Let’s take a look at a server failure scenario. SDS1 presently stores chunks E and B from Volume 2 and chunk F from Volume 1.
If SDS1 crashes, ScaleIO needs to rebuild these chunks, so chunks E, B and F are copied to other servers. This is done by copying the mirrors. The mirrored chunk of E is copied from SDS3 to SDS4, the mirrored chunk of B is copied from SDS6 to SDS100, and the mirrored chunk of F is copied from SDS2 to SDS5. This process is called forward rebuild. It is a many-to-many copy operation. By the end of the forward rebuild operation, the system is again fully protected and optimized. No matter what, no two copies of the same chunk are allowed to reside on the same server. Clearly, this rebuild process is much lighter-weight and faster than having to serially copy an entire server to another. Note that while this operation is in progress, all the data is still accessible to applications. For the chunks of SDS1, the mirrors are still available and are used. Users experience no outage or delays. ScaleIO always reserves space on servers for failure cases, when rebuilds are going to occupy new chunk space on disks. This is a configurable parameter (i.e., how much storage capacity to allocate as reserve).
A snapshot is a volume, which is a copy of another volume. Snapshots take no time to create (or remove); they are instantaneous. Snapshots do not consume much space initially because they are “thinly provisioned.” You can create snapshots of snapshots—any number of them.
The figure below shows a volume, V1, a snapshot of that volume, S111 and a snapshot of snapshot S111, S121. Snapshot volumes, which are fully functional, can be mapped to SDSs just like any other volumes. A complete genealogy of volumes and their snapshots is known as VTree. Any number of VTrees can be created in the system. When you create a snapshot for several volumes (or snapshots), a consistency group that contains all the volumes in that operation is created and named. Consistency groups are automatically created when issuing a snapshot command for several volumes. Operations may be performed on an entire consistency group (for example, delete volume).
The figure also shows two genealogies of volumes, V1 and V2. V1 is being used to create VTree1 of snapshots. V2 is used to create the VTree2 genealogy.
At some point, a command is issued to create two snapshots, one of V1 and the other of V2. Because this is a single snapshot command, the two newly created snapshots are grouped. S112 (of V1) and S211 (of V2) have been grouped together in the C1 consistency group.
Software-Only—but as Resilient as a Hardware Array
ScaleIO was developed by a team of storage veterans who had previously developed “built-like-a-tank” external storage subsystems.

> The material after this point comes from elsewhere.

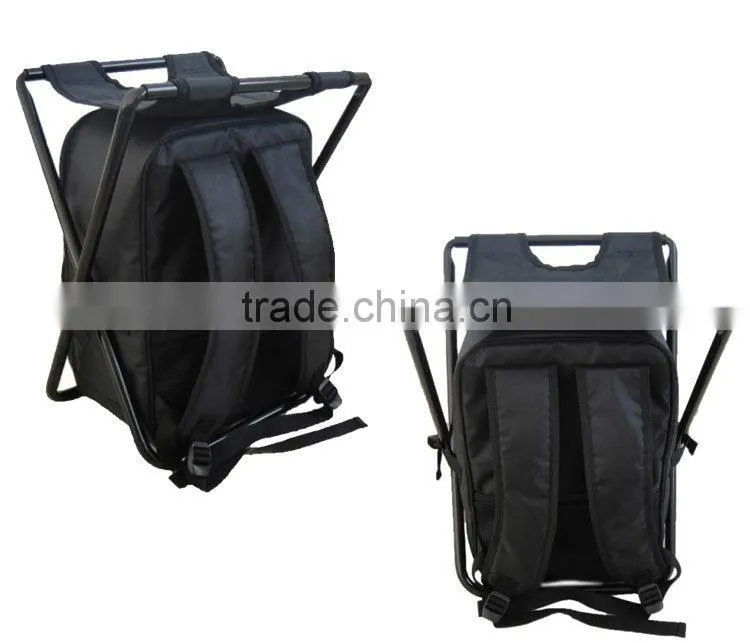 High Quality Fashion Oxford Black Camping Hiking Backpack Fishing Folding Chair Cooler Bag HWY009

Such traditional subsystems typically combine system software with commodity hardware—which is comparable to application servers’ hardware—to provide enterprise-grade resilience. With its contemporary architecture, ScaleIO provides similar enterprise-grade, no-compromise resilience by running the storage software directly on the application servers.
Designed for extensive fault tolerance and high availability, ScaleIO handles all types of failures, including failures of media, connectivity, nodes, software interruptions, and more. No single point of failure can interrupt the ScaleIO I/O service. In many cases, ScaleIO can overcome multiple points of failure as well.